The Grapes of Wrath

Directed by John Ford

September 16, 1996

Reviewed by: Muhammad Hozien


The movie follows the story of Tom Joad (played by Henry Fonda) as he returns home from a jail sentence. The story takes place during the great depression in dust bowl farm in Oklahoma. Tom returns home to find that the depression has affected everyone in town. He meets the former preacher Casy (played by John Carradine) who explains to him what has been happening. Casy follows him to his empty home. There they find one of the neighbors who has lived in the abandoned home. The neighbor sheds some light as to what is happening to the town’s belongings. The winds of dust have destroyed the farms. People are not able to plant the farms in the traditional way.

Modern technology is used to farm the land. The company seems to have mortgaged the lands to a bank which is financing the new farming methods. The owners of the land are losing their lands. Joad’s family farm has since been foreclosed by the company and the family has since moved to the uncle’s farm and not for long too. Tom’s mother Ma Joad (played by Jane Darwell) is happy to see her son return and sees that as a good fortune. Tom finds out that his uncle’s farm has also been foreclosured by the company and they have to get off the land by the next day.

The family decides to move to California to look for work. The next morning the grandfather refuses to leave his land. They get him drunk just to carry him off. The family is poor and they all just barely fit on a Truck that contains all their belongings. The family begins the trek to California. The first disaster is the grandfather dies of a stroke. He is buried with a note that he was not killed. Prayer services are briefly done by Casy. As they move from gas station to gas station they begin to find out that California is not the land of milk and honey either. They meet more and more people who tell them the reality of the situation in California. Once they get to California, the grandmother soon dies after they enter the state. They find that the situation is worst than they thought. Work is hard to find, and the wages are very low. Due to the effects of the great depression on the surrounding states everyone is also looking for work.

Through all this the family remains with good hopes and look for a break. They move into one camp where people of similar situation are housed. The local authorities are not too happy about the campers. The labor agents are scrupulous and take advantage of the surplus workers. They try to recruit workers with the aid of local authorities. When a worker tells people of the reality of the labors and tricks of the agent, the agent instructs the police to arrest him. When Tom tries to help the worker get away from the police. The police shoots a women by accident and start after the escaping worker. Tom punches the policeman because he is shooting his gun wildly. Casy also punches the policeman, who is now unconscious. Casey tells Tom to hide because he is on parole and he could go to jail for good. Tom hides and Casey is arrested instead of Tom.

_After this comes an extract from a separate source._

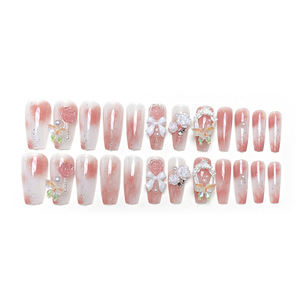 24 pièces/ensemble de faux ongles de luxe en ABS à presser, forme ballerine cercueil moyenne, motif papillon, faits à la main, rose, couvrance totale, pour salon - Product Image 6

The family moves on and finds another camp. They find work but the situation looks suspicious. Tom tries to find out more and when he goes outside the camp one night, in secret, he finds none other than Casey. Casey, now the defacto leader of strikers, explains to Tom the reality of the labor environment. Casey is in a tent with other striking workers due to unfair labor practices by the land owners. Tom does not understand the situation all at once. The land owners send the authorities against the strikers. Casey is killed in front of Tom. Tom, in revenge, hits the killer with a fatal blow to the head. Tom is hit in the face and is now a fugitive. Tom sneaks back to the camp and is not found by the authorities.

The family decides to move on the next day, now the wages are 1/2 as much as before now that the strikers are gone. The family stumble upon a cooperative camp where the campers set the rules for living at the camp. The family is welcomed to the camp. The situation looks like it has turned in there favor. Some of the local land owners do not like the situation of the camp and try to sabotage the camp. The attempt fails due to the carefulness of the campers and good hearted outside informer. The authorities start to snoop around the family truck, and Tom believes they are about to get him. Tom decides to move on by himself in order for his family to have a safe place because the camp is a good place to stay at.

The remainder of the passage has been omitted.